| PROBLEM TO WORK ON |
Transcribe only the part of the material below that begins at the line containing "5 Chestnut Ave" and ends at the line containing "Phòng tắm tại", with both kept and images left out.

| INFORMATION |
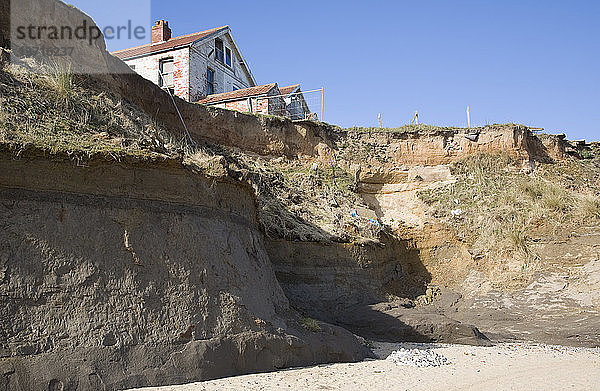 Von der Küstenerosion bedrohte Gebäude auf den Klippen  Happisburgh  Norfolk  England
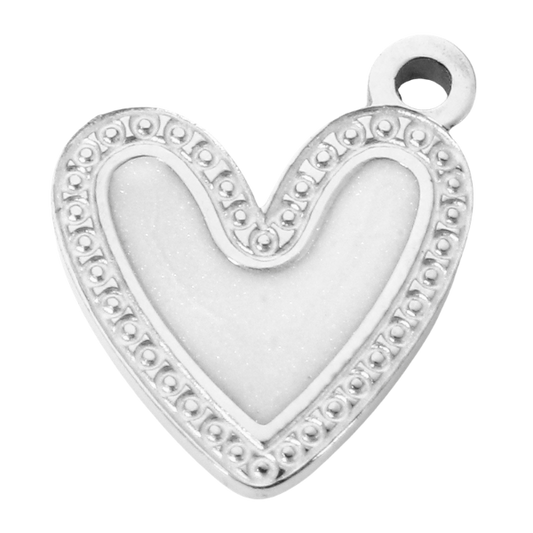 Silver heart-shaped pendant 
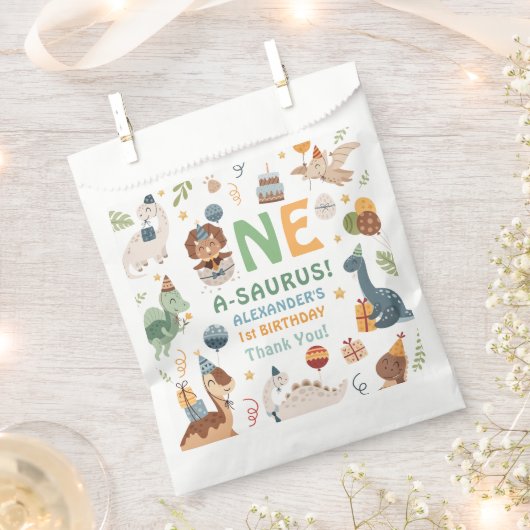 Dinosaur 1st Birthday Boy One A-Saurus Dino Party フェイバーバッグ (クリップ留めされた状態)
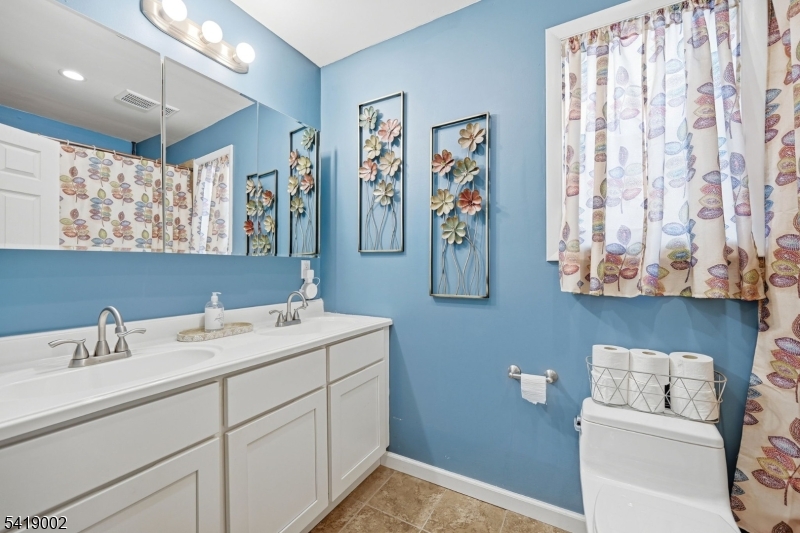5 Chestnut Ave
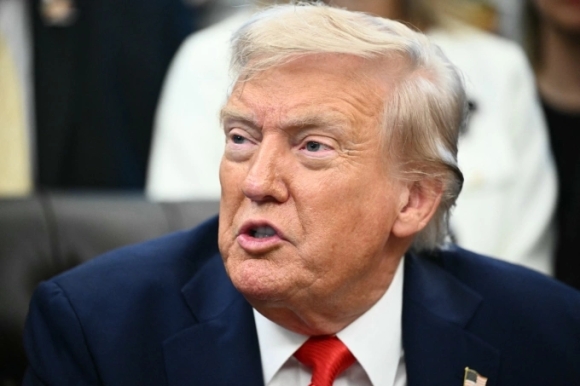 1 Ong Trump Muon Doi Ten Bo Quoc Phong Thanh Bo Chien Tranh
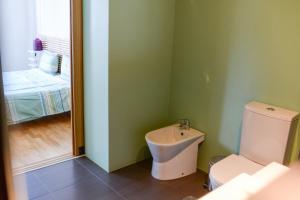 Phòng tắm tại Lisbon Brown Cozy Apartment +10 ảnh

...

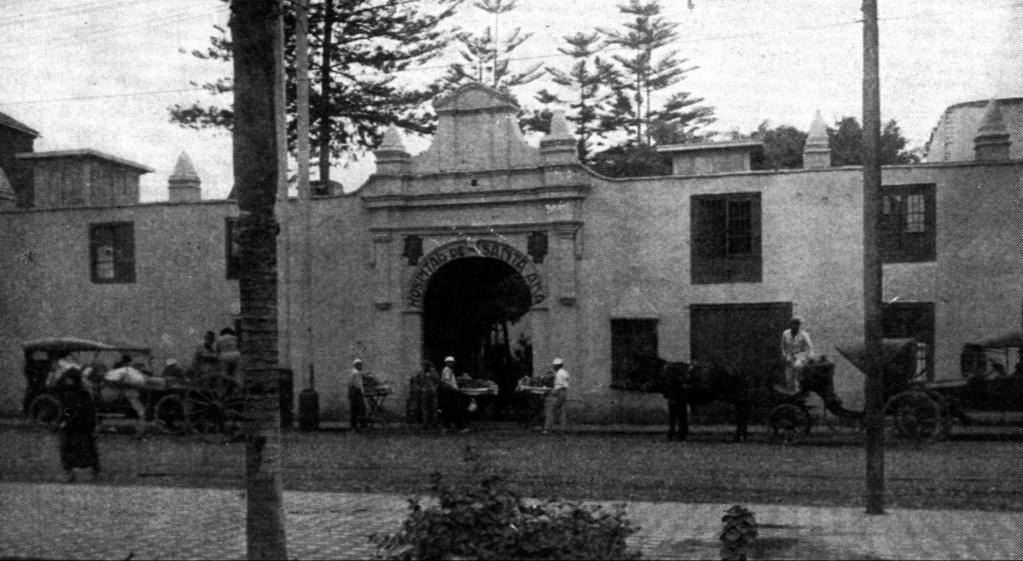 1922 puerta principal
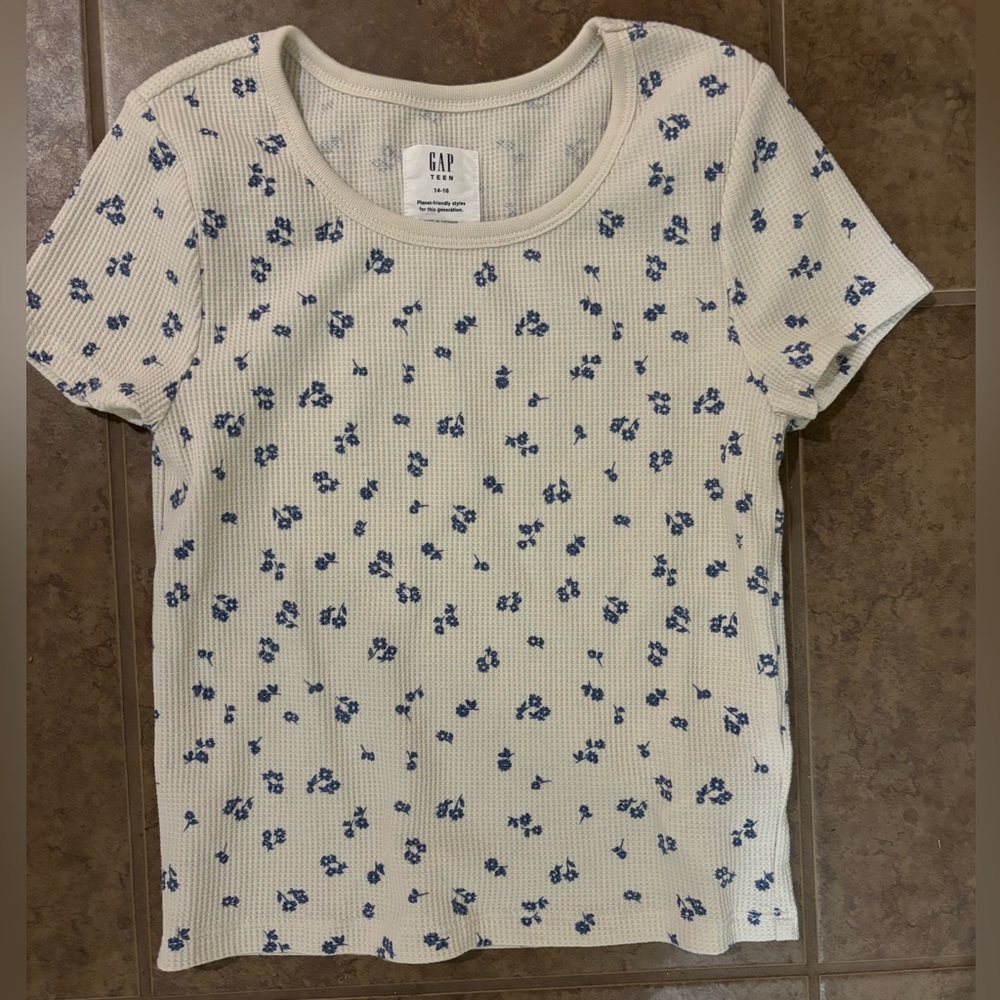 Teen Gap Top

--

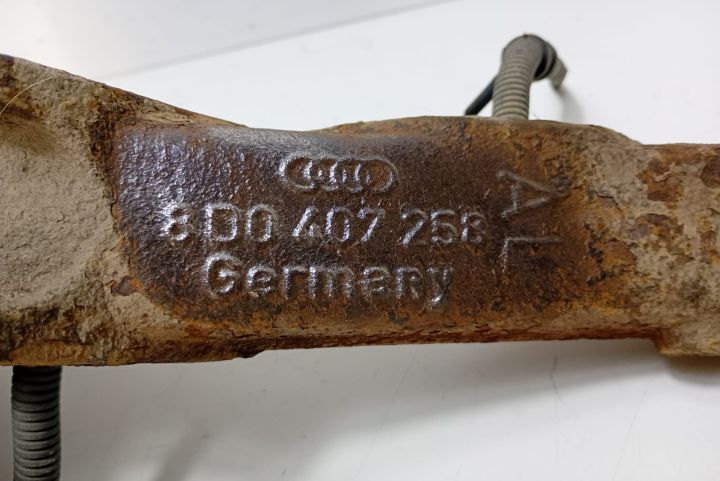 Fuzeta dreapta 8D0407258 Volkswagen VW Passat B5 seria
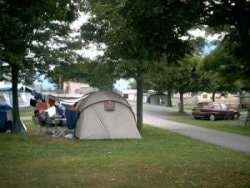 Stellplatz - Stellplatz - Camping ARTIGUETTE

| COMPLETED TASK |
5 Chestnut Ave
 1 Ong Trump Muon Doi Ten Bo Quoc Phong Thanh Bo Chien Tranh
 Phòng tắm tại Lisbon Brown Cozy Apartment +10 ảnh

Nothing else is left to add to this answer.